=== What needs to be done ===
Only an exact copy is wanted: the lines from the one holding "VERTU WATCH Smart" through the last line below, minus the pictures.

Stored data START

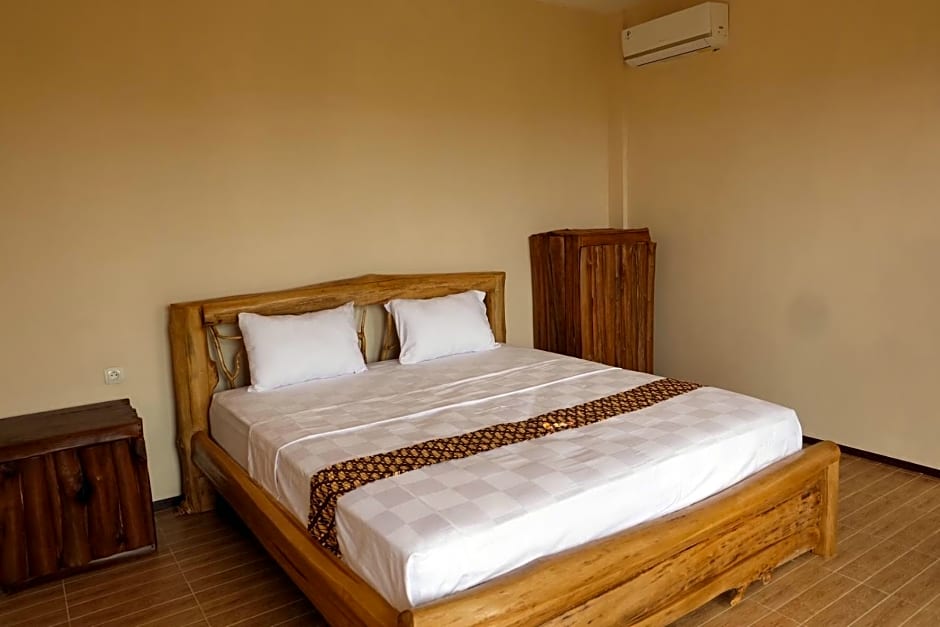 Kelapa Surf Villa
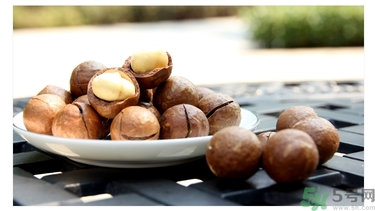 夏威夷果影響內(nèi)分泌嗎？吃夏威夷果拉肚子怎么辦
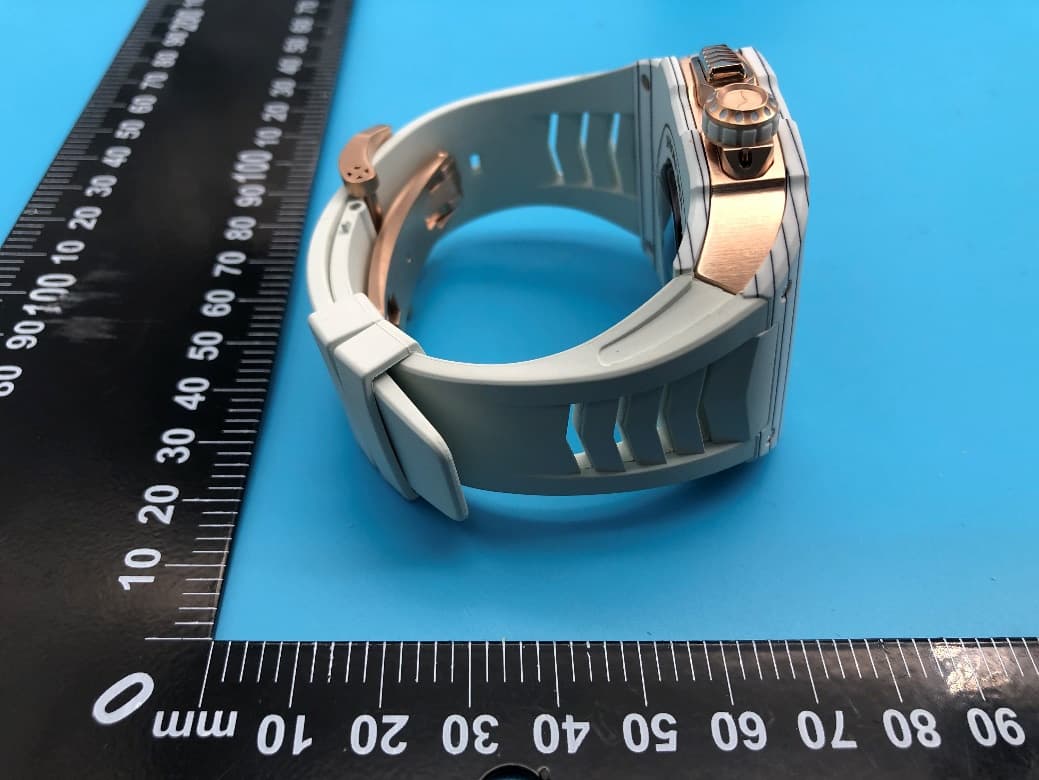 VERTU WATCH Smart Watch - FCC ID 2A6IQVERTUWATCHH1 - VERTU INTERNATIONAL CORPORATION LIMITED (3)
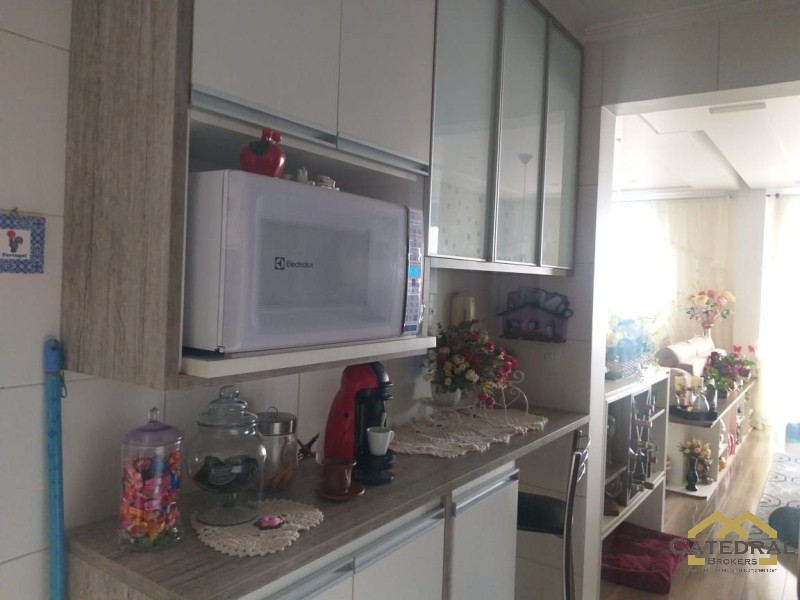 Apartamento à venda com 2 quartos, 80m² - Foto 3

Stored data END

=== Completed task ===
 VERTU WATCH Smart Watch - FCC ID 2A6IQVERTUWATCHH1 - VERTU INTERNATIONAL CORPORATION LIMITED (3)
 Apartamento à venda com 2 quartos, 80m² - Foto 3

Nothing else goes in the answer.